Simon & Schuster, $24, 304 pages

Who is this author?

One of the apparently endless hordes of clever young writers who have made Brooklyn, NY, their home, Elissa Schapell first wrote for the satirical ‘80s mag, Spy, and went on to be an editor of The Paris Review, a founding editor of the much-admired literary journal, Tin House, and the “Hot Type” columnist for Vanity Fair. She likes the novel-told-in-linked-story form – “Blueprints” is her second, after “Use Me.”

What is this book about?

Women and their hook-ups, hang-ups and heartbreaks.

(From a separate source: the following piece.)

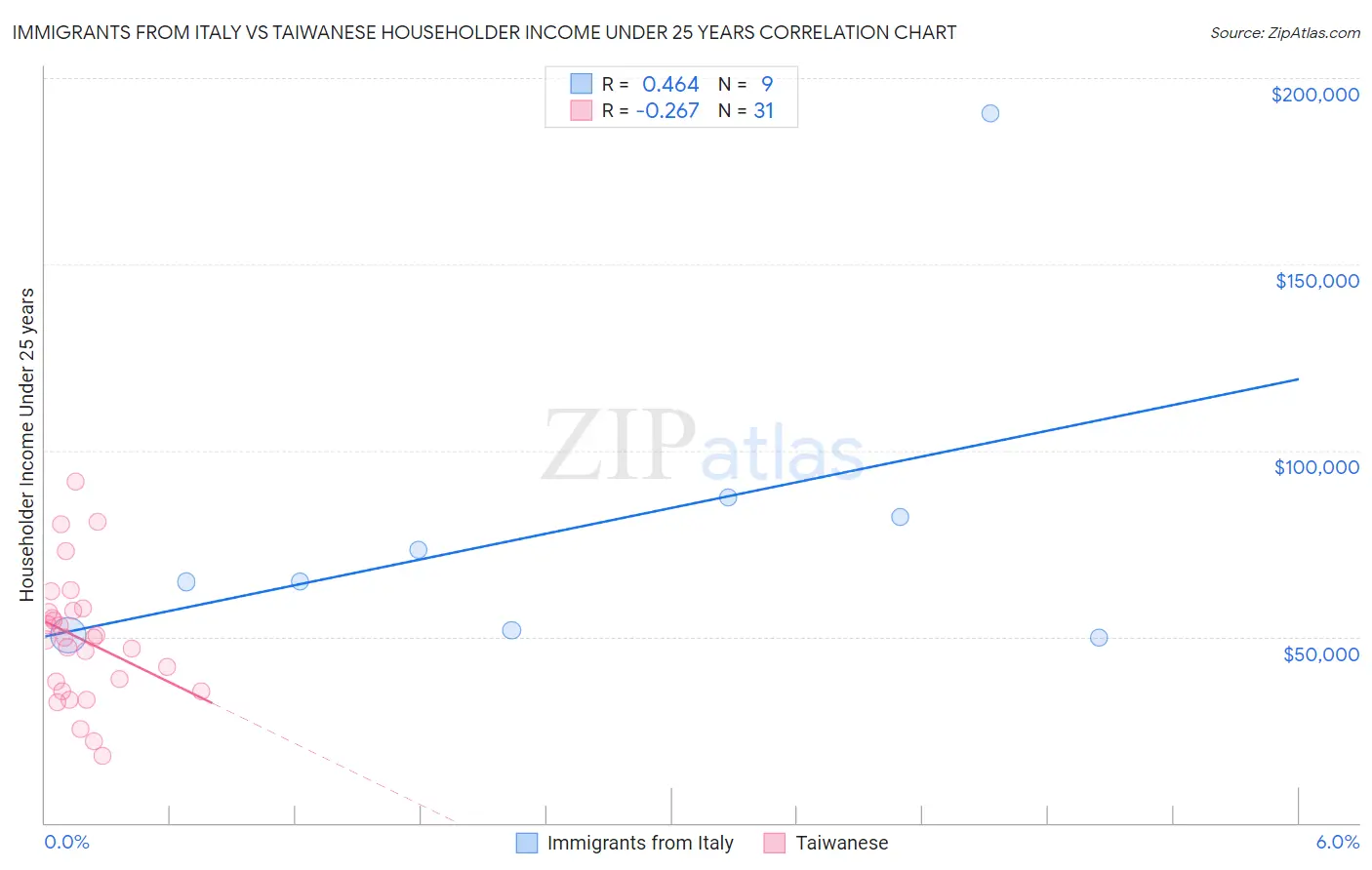 Immigrants from Italy vs Taiwanese Householder Income Under 25 years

In eight stories that mix humor (often bitter) and dark revelations (often funny), Schapell creates female characters from teens to mothers, each coping, and not always successfully, with personal dramas as they grow older. Set in time from the 1970s to the present, these stories are about finding one’s identity without losing one’s soul.

Why you’ll like it:

Schapell has a great ear for the way people talk – to others and to themselves — and a fine grasp of sardonic humor. This collection, whose characters range from college girls gone very wild to middle-aged mothers we’d love to comfort, offers much to relate to for women readers – and valuable, if unsettling, insights for men who want to understand women better.

What others are saying:

Schappell…is a diva of the encapsulating phrase, capable of conveying a Pandora’s box of feeling in a single line…[the] book crackles with the blunt, cynical humor wielded by people chronically on the defensive,” says The New York Times.

“Despite the talent for arch comedy that Schappell and her characters share, the tragic dimension of each story sears the heart,”  says Kirkus Reviews in a starred review.

When is it available?

It’s available now in the library’s fiction department.